The class was with Stacey Solie (@StaceySolie), and it was fantastic. I learned a lot and here are a few of my favorite tips:
Freewriting: Every day, set aside a dedicated chunk of time to just write. Don’t worry about punctuation, spelling, grammar, or anything. It’s great for writer’s block: you don’t even need to start at the beginning or anything. It just helps get the ball rolling and get you out of whatever funk you’re in. I’m trying to do at least 15 minutes per day (minimum).
Read your work out loud: Admittedly, this is one that I knew about before, but it bears repeating. I don’t do it nearly enough and I really should because when I do, I always catch mistakes.

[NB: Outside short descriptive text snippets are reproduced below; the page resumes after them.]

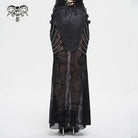 DEVIL FASHION Women's Gothic Mesh Splice Chain Fishtail Skirt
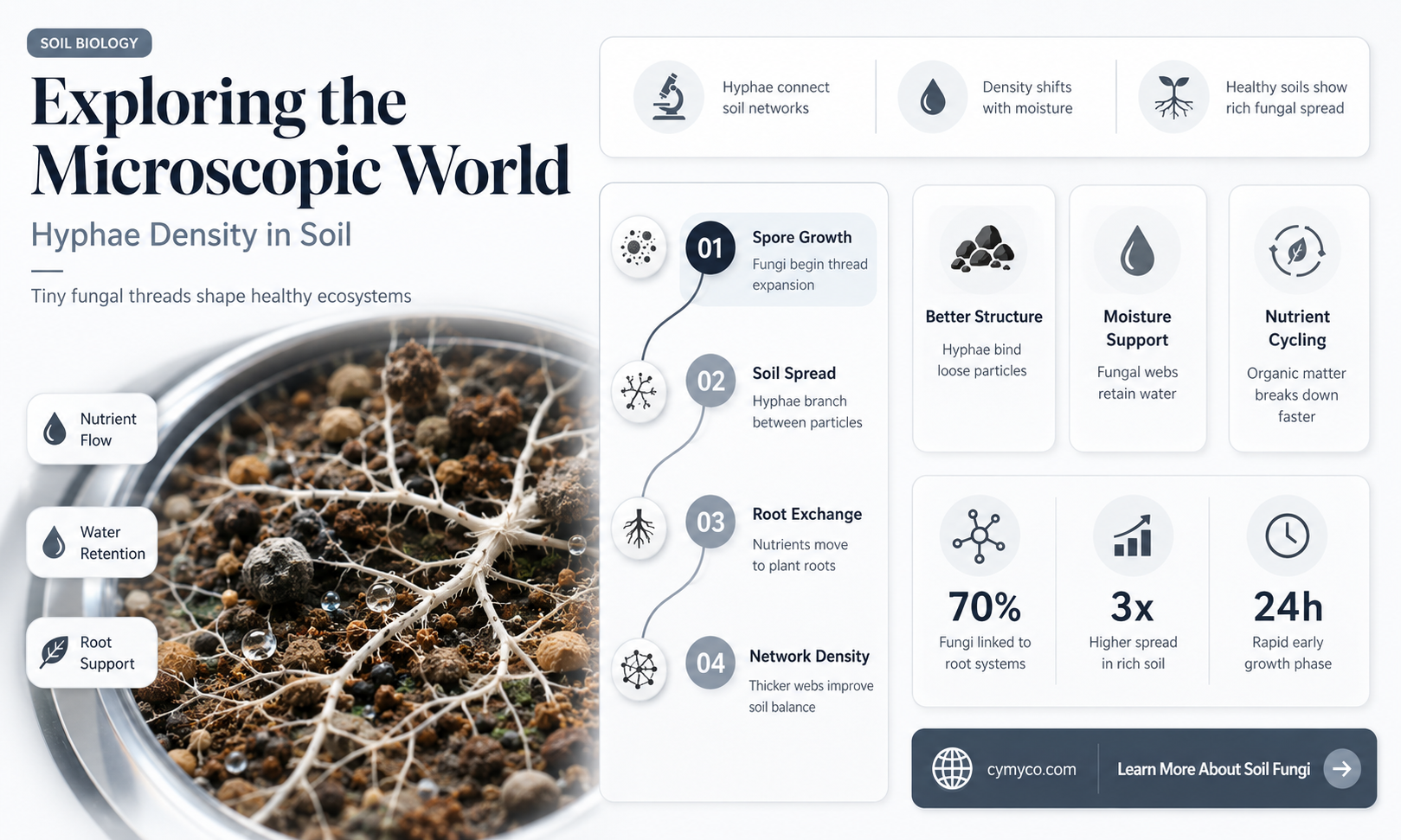 how many hyphae are in one cubic foot of soil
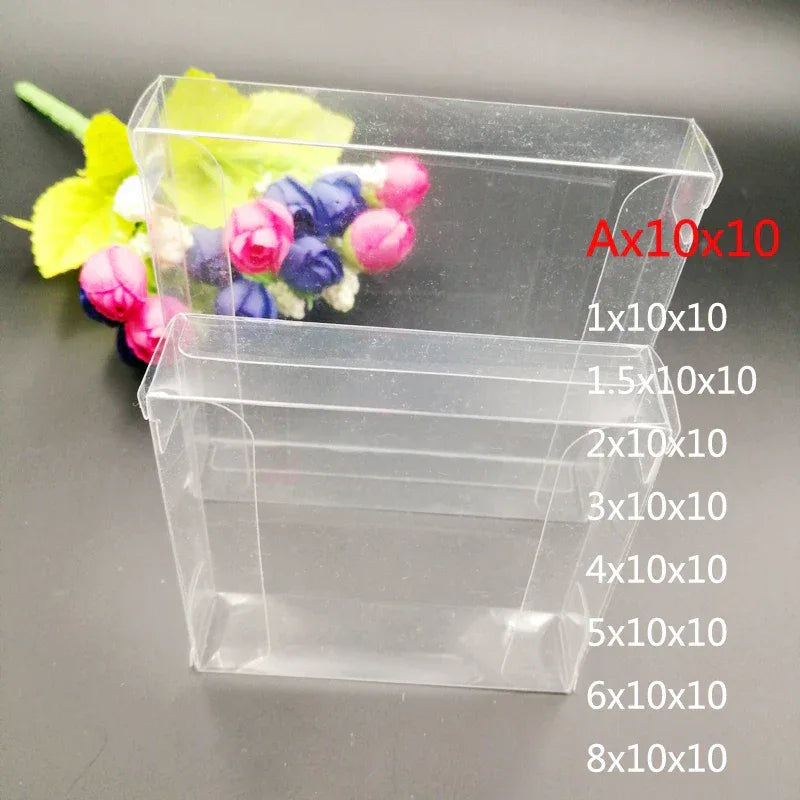 50pcs Ax10x10 Transparent Jewelry Gift Box Clear PVC Plastic Box Packaging Wedding Christmas Gift Box for Jewelry Storage Boxes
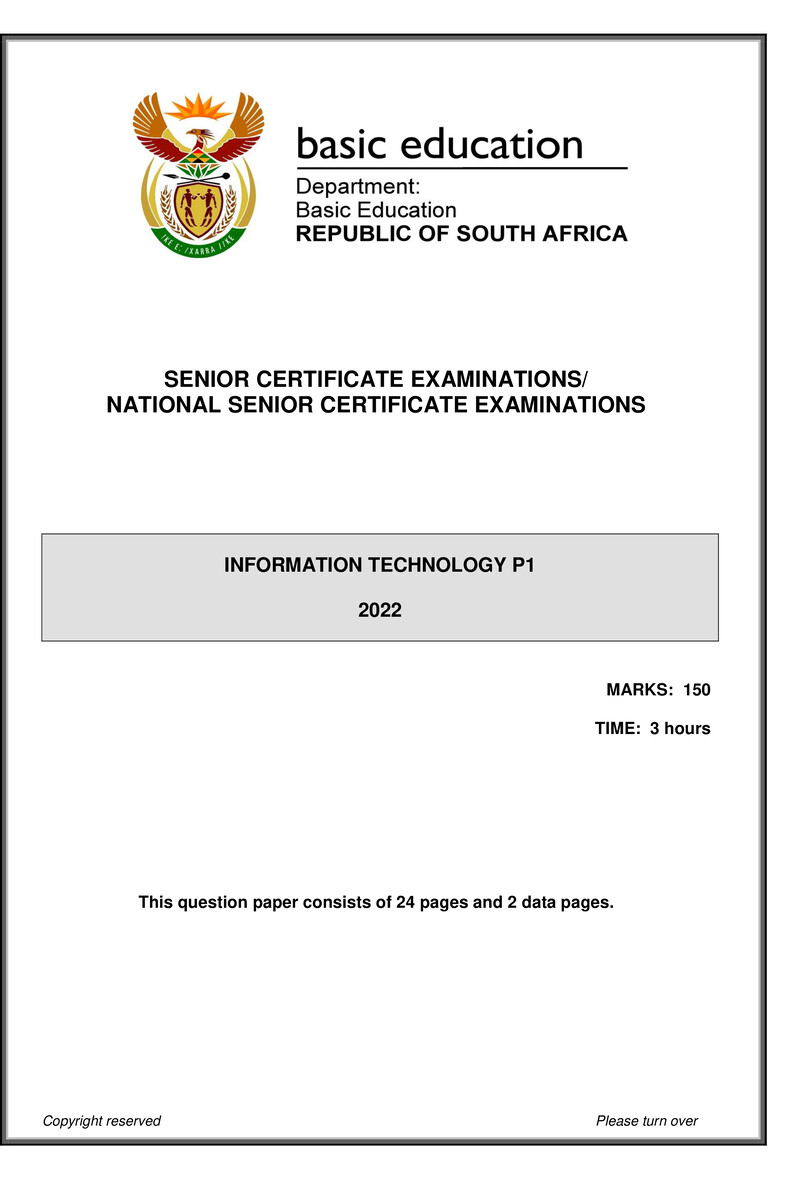 Grade 12 Information Technology past paper 2022 – information technology p1 may june 2022 eng gr12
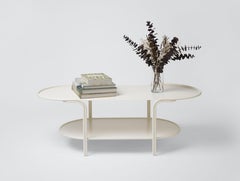 Tiered Outdoor Bancroft Coffee Table in Matte Cream Stainless Steel by Laun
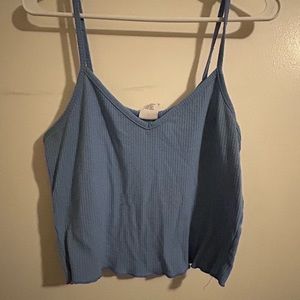 Blue V-neck crop top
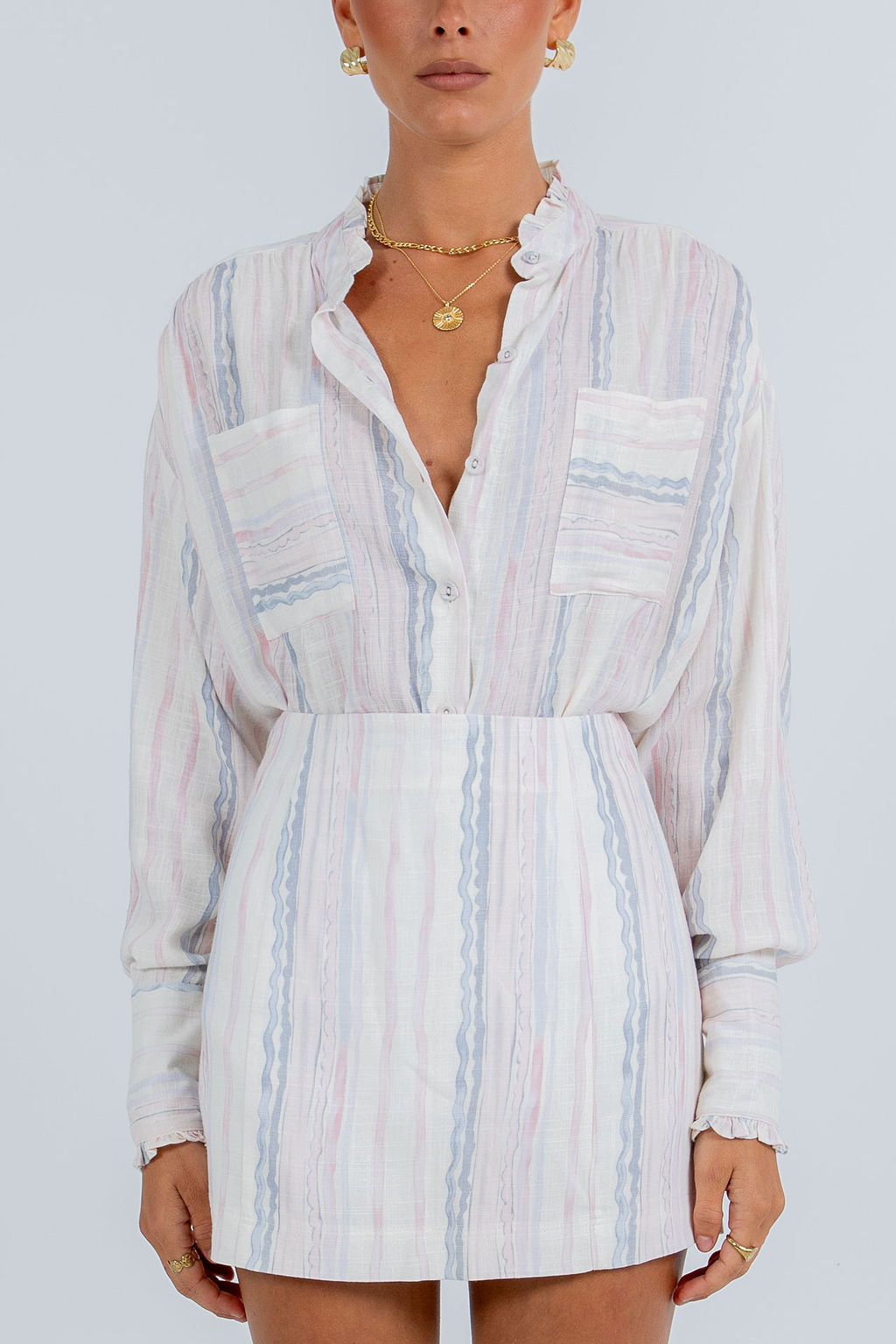 Aprire Mini Skirt - Pastel Watercolour Stripe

Stop apologizing for your work: It’s a terrible habit of mine and doesn’t really accomplish anything. For example, when giving an essay to someone to proof-read, it’s pointless to say things like, “Oh, here you go. It’s really bad, sorry.” It’s probably got some bad parts, and some good parts, and whoever is reading it will figure it out without you telling them.
So I’m working on building confidence in my writing…
Know when to stop: Try to recognize when you reach the point when your ongoing efforts cease to result in significant improvements. The “sweet spot”. Stacey talked about this, and so did one of our guest speakers, Katie Arkema. Here’s my own interpretation, in graphical form:
Thanks to the terrific @realscientists followers, who pointed out a couple of important points that I missed before!
READ! Yup, to become a better writer, you have to read. A lot. I mean, you should read every day, and be critical about it, too. Ask yourself, what is it that makes a certain piece of writing excellent or terrible? What techniques does the author use? Is there anything about their writing that could be improved upon? These observations will all eventually sink into your brain and make their way into your own writing. Hopefully not word for word though, because that’s not cool.
Practice. This sort of goes with the “free-writing” point above, but let’s give it a whole section unto itself. Because that’s how important it is. Like many skills, it’s more about hard work than innate genius. Have you read that book, Outliers, by Malcolm Gladwell? In it, he talks about what all of these wildly successful people have in common. Sure, there are loads of factors that lead to success, but the one in common between them all was that they’d put a metric butt-load of hours into their craft. Ten thousand hours, minimum, to be exact. So put in your time!
Well there you go. You know I’m not a writing expert, I’ve just listed/regurgitated things that I thought were useful or inspiring. Hope it helped! Feel free to add to the list in the comments.